[Work instruction]: Word for word, retype the lines from the one containing "Three workers replacing" to the one containing "a lounge with a couch and chairs" below, keeping both end lines and dropping the pictures.

[Data listing]:
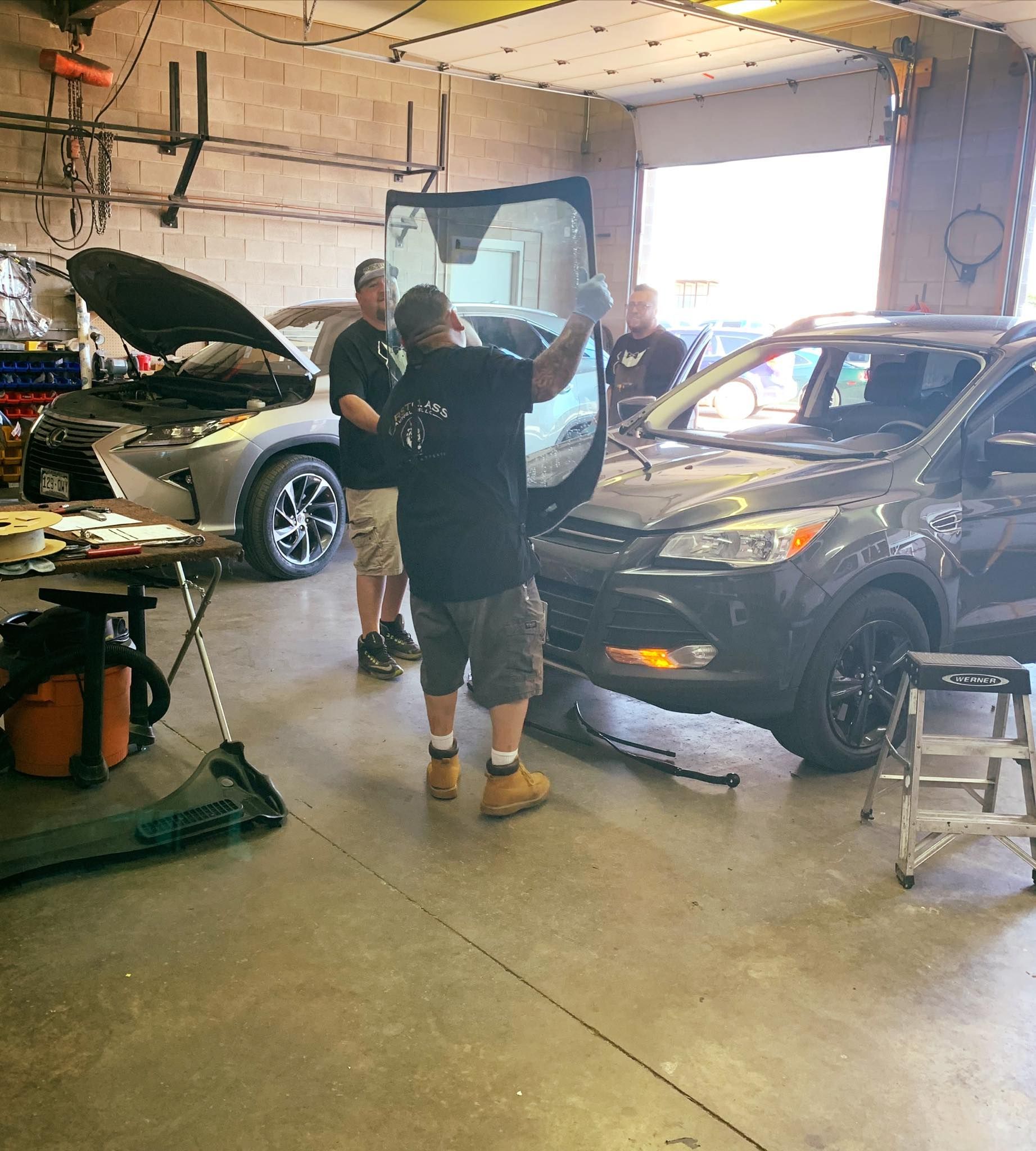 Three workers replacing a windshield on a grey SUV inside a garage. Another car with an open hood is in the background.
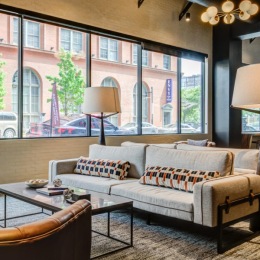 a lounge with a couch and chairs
...
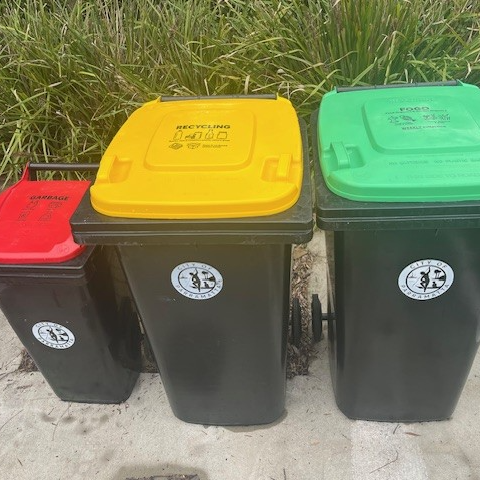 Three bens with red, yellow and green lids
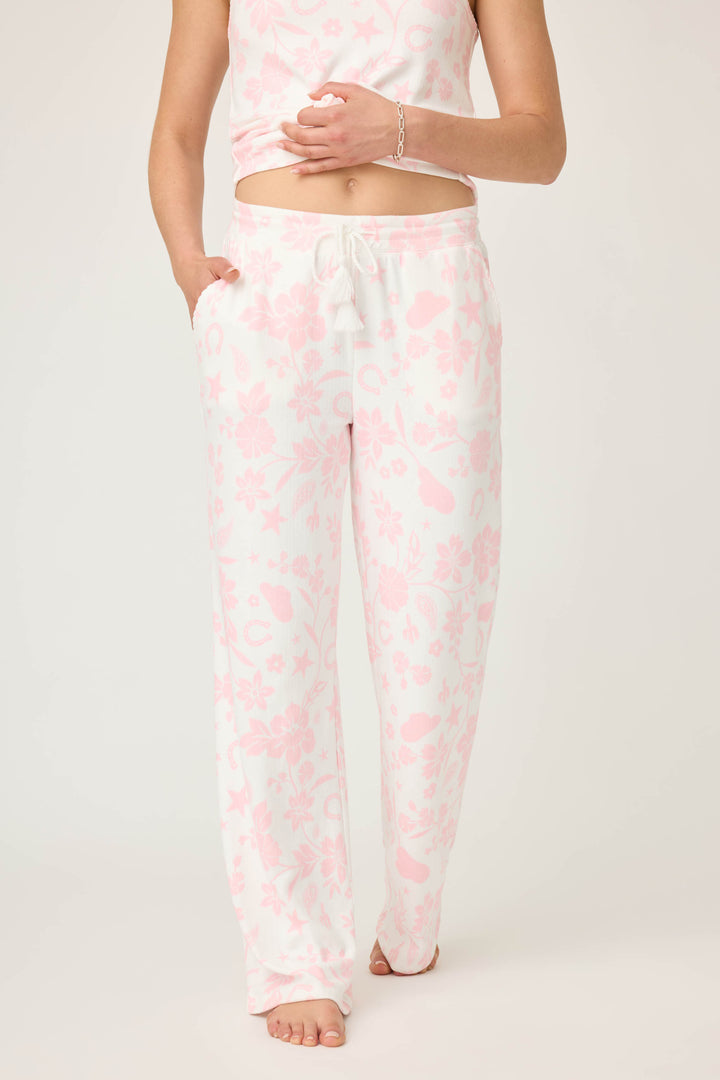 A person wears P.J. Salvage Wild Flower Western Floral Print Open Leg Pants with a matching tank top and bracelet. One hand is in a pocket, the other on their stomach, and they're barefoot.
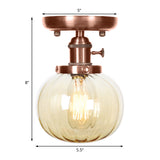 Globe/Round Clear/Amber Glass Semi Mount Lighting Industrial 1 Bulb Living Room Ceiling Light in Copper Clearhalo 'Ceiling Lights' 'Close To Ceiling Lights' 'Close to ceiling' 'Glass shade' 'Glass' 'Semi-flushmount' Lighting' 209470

[Answer box]:
 Three workers replacing a windshield on a grey SUV inside a garage. Another car with an open hood is in the background.
 a lounge with a couch and chairs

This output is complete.